A, who was in town for work this week, and SB came from from Sunnyvale to join us; we left the house around 10am and arrived a little before 10:30. R & S met us there, and we walked over to the Civic Center, where the protesters had gathered in front of City Hall. We hadn't gotten our act together to make signs, so we were mostly there to add our voices and our headcount. Speakers included current State Senator Carole Migden, her recently-elected replacement Mark Leno (who sponsored the two bills legalizing same-sex marriage that the CA Legislature passed but the Governator vetoed), the Rev. Amos Brown (who was easily the most inspiring and charismatic of the lot -- no surprise, since he was taught by Dr. King himself), and many local community members and organizers. Unfortunately, it was hard to hear much and impossible to see at all, because they spoke on the steps of City Hall, not a raised platform, and the sound system was really inadequate. The chant we heard most frequently wasn't any particular call for equal rights, but rather the word "Louder!" But what I could hear was mostly energizing and hopeful, and it was nice to be part of a crowd. As we were walking from the subway to the plaza, we were all trying to remember the last time we had been part of a group action like this, and I decided it was probably my freshman year of college, when A and I went down to Washington DC with a bunch of other BMC folks for the March for Women's Lives. There's something exhilarating about being surrounded by people who feel strongly enough to get up early on a Saturday to lend their voices to a cause.
So the rally held in place for about an hour and a half, and then a group of folks broke off into a march. After about half the crowd had left, a speaker told us that the march was unofficial, but anyone was welcome to join. So we consulted, and then decided to follow. We marched down Polk Street to Market, then turned right to head for Castro. Clearly this march had not been planned, because except for Polk, none of the streets were officially closed, although there were cops around and they did direct traffic for us.
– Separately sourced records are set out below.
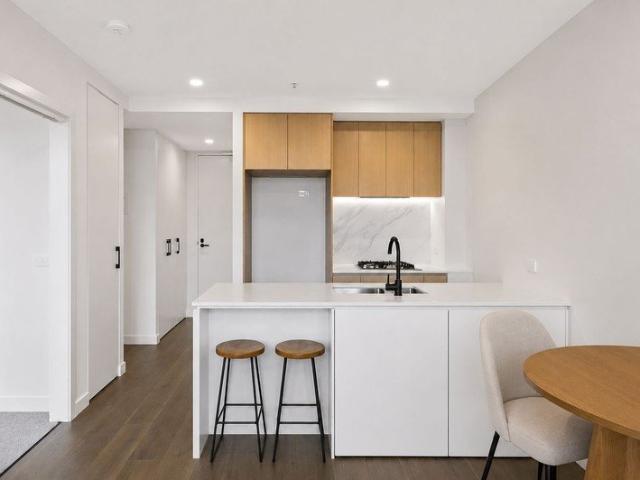 Modern Ivanhoe Living with Lifestyle Appeal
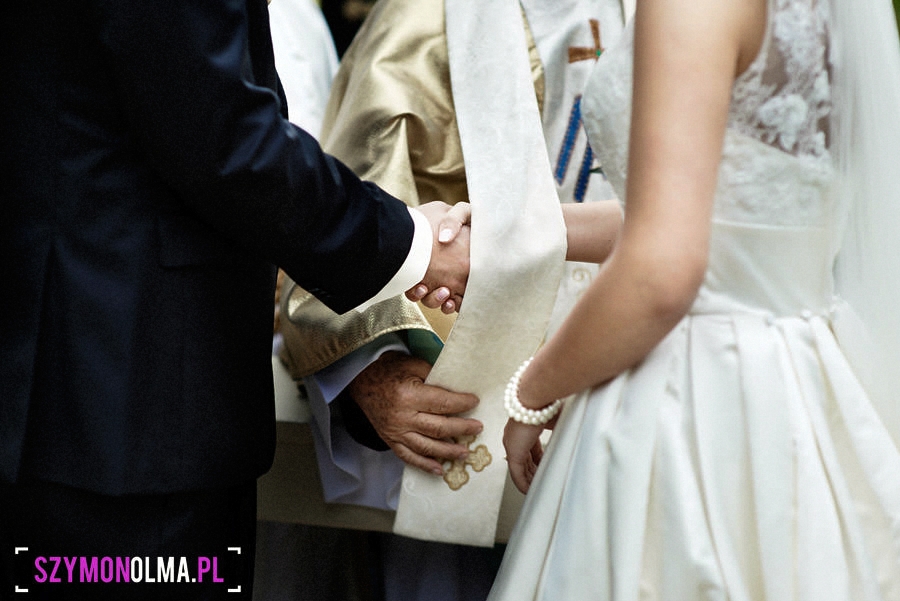 slub koscielny w plenerze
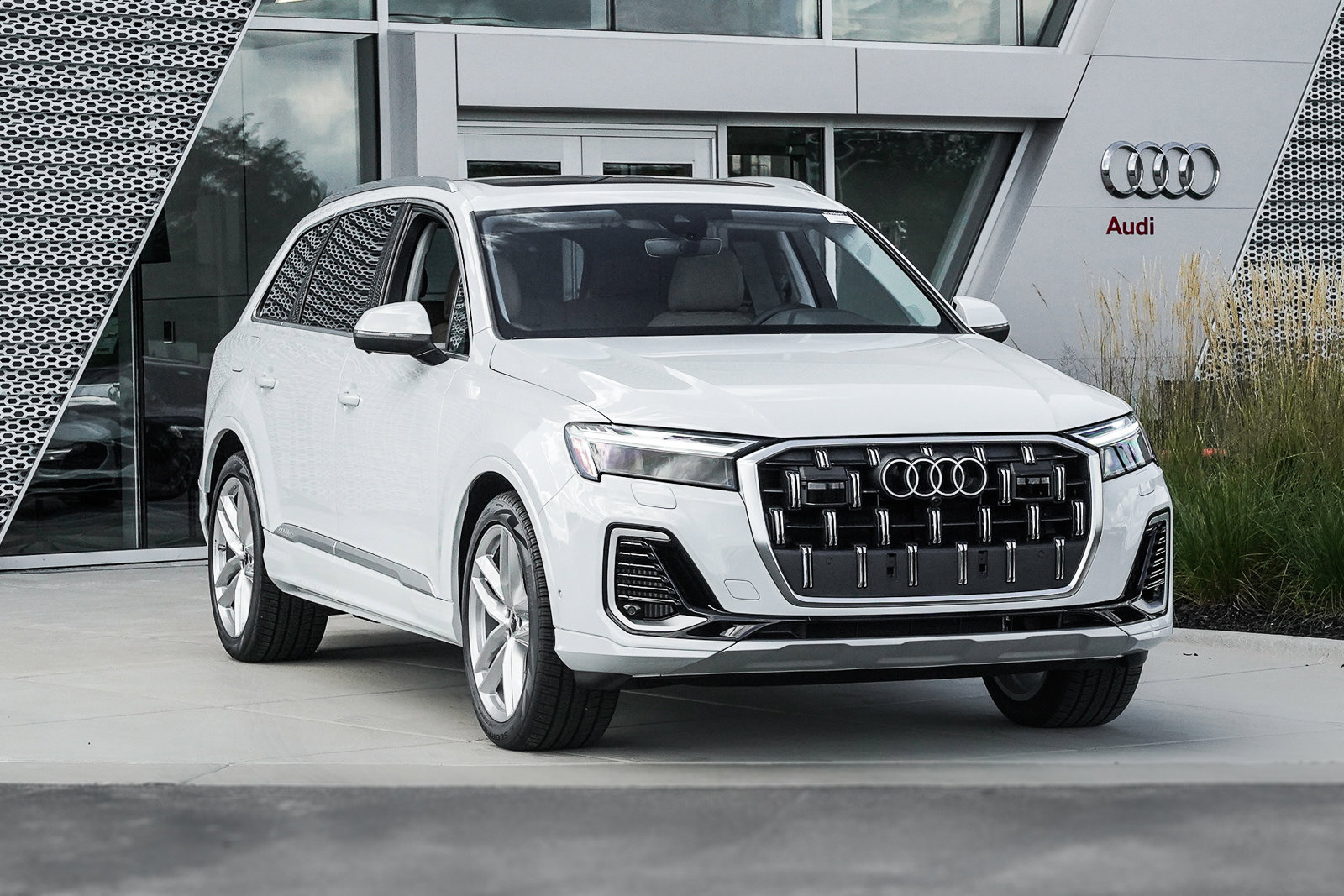 2025 Audi Q7 Premium Plus photo 2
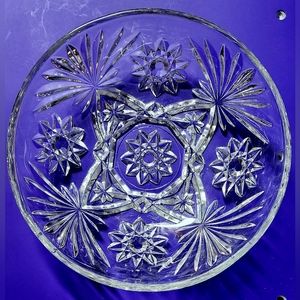 Anchor Hocking Clear Prescut Bowl  7 1/4 Inch Round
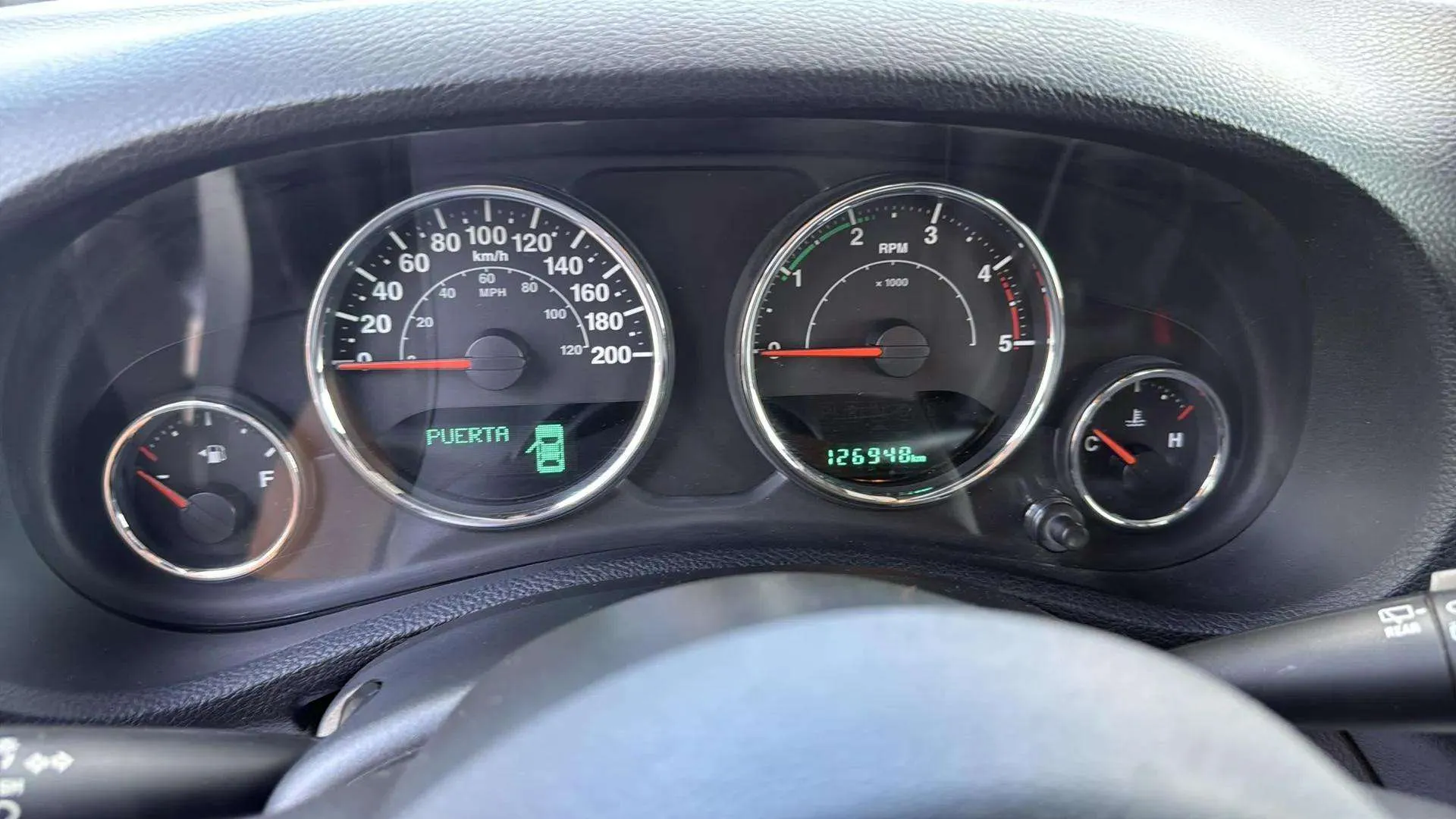 Jeep Wrangler 2.8 CRD Sahara - foto 12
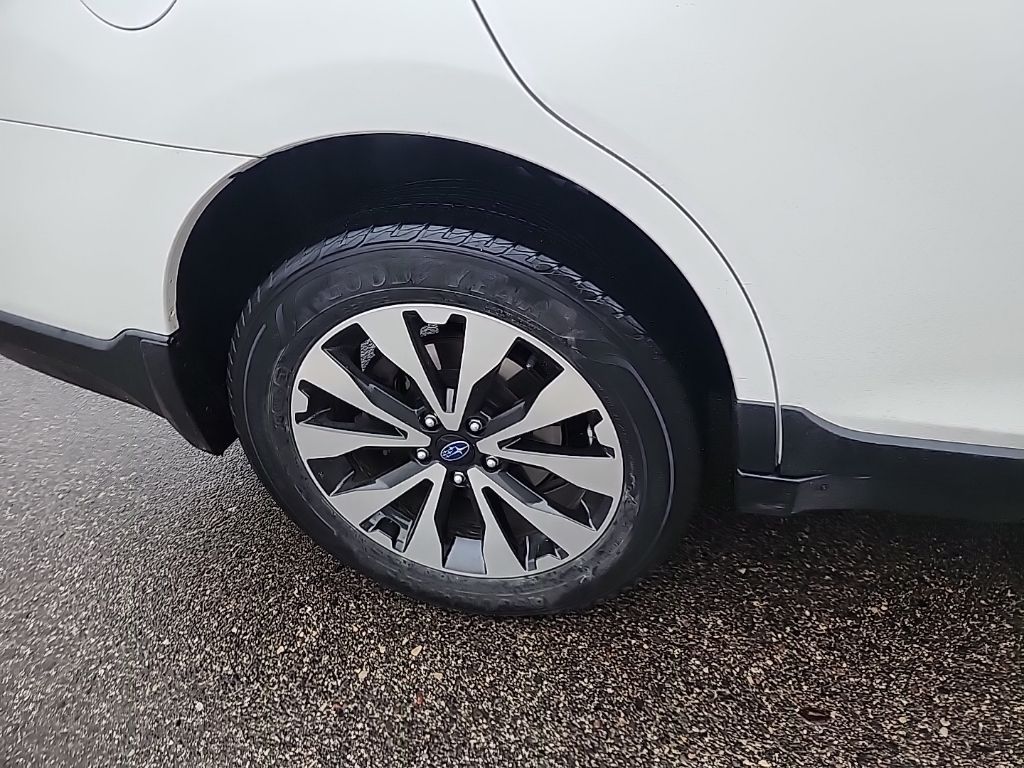 2017 Subaru Outback 2.5i Limited photo 3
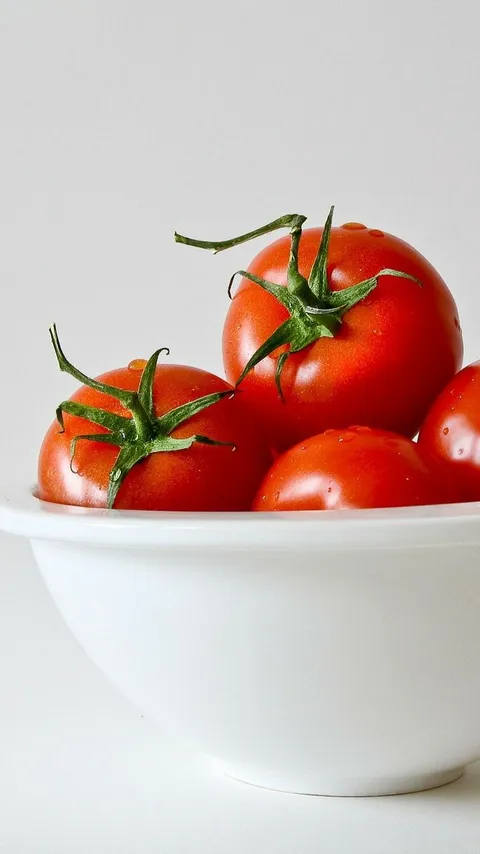 10 Manfaat Tomat untuk Kesehatan Tubuh, Menyehatkan Kulit hingga Menurunkan Risiko Kanker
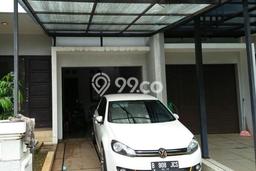 HUNIAN BERKELAS! Rumah Premium Ciputat, Tangerang Selatan, Luas Tanah 162m² Luas Bangunan 240m² HUNIAN BERKELAS! Rumah Premium Ciputat, Tangerang Selatan, Luas Tanah 162m² Luas Bangunan 240m²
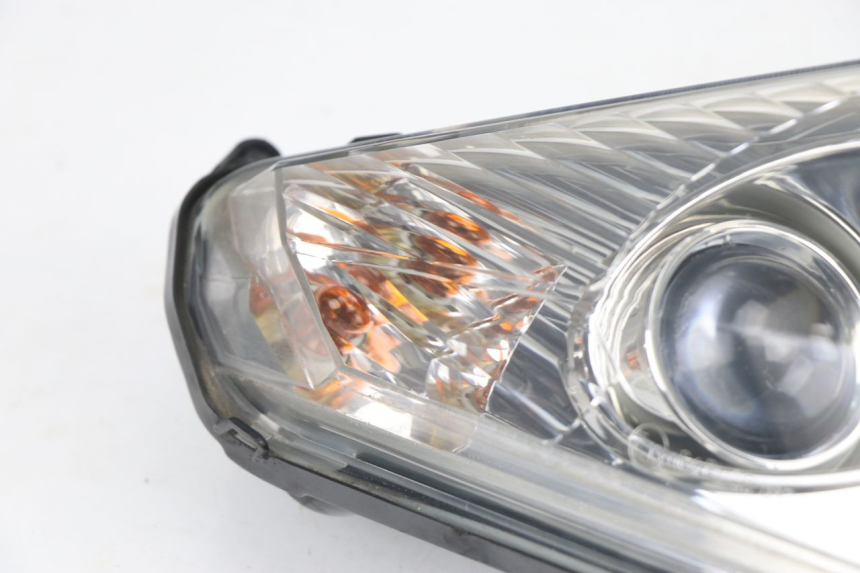 photo de RIGHT FRONT HEADLIGHT PEUGEOT SATELIS 125 (2006 - 2009)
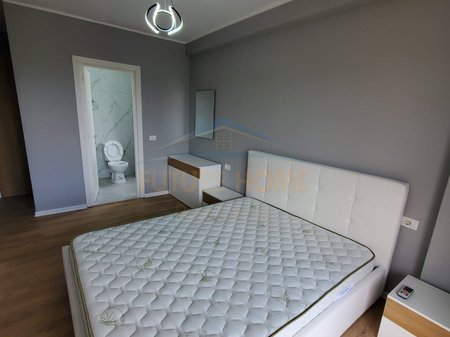 Tirane, jepet me qera apartament 2+1 Kati 3, 500 € (Shkoze)
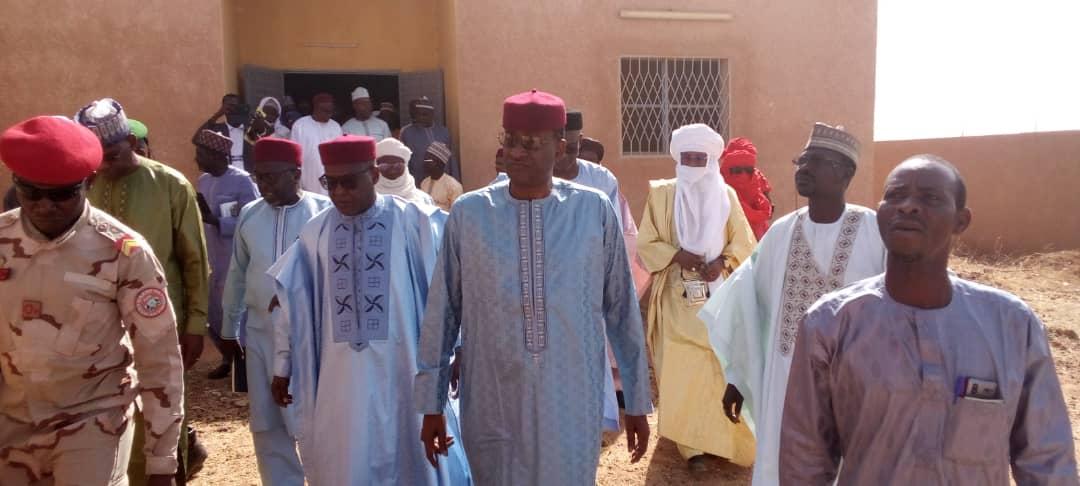 Tahoua : Visite du Ministre de l'Éducation Nationale à l'internat des jeunes filles du CEG de Moujia Tahoua : Visite du Ministre de l'Éducation Nationale à l'internat des jeunes filles du CEG de Moujia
Anyway, our turn toward the Castro led to some debate as to whether that neighborhood was really the best place to demonstrate in favor of gay marriage -- I think I said something about coals to Newcastle -- but then we reached Van Ness, and a large group had switched directions, shouting "Turn around, go downtown!" And we saw the effectiveness of chants and mob rule as the majority of walkers did indeed follow. We discussed our options; hunger beat out curiosity, and so we headed to Hayes Valley for lunch.
So it wasn't the best organized event ever. But it was satisfying, and I continue to be energized enough to stay involved. I don't know that there's much to do while the various cases wind their way through court, but I will keep my ears open for opportunities to lend my voice and my time.
Some more of T's photos here.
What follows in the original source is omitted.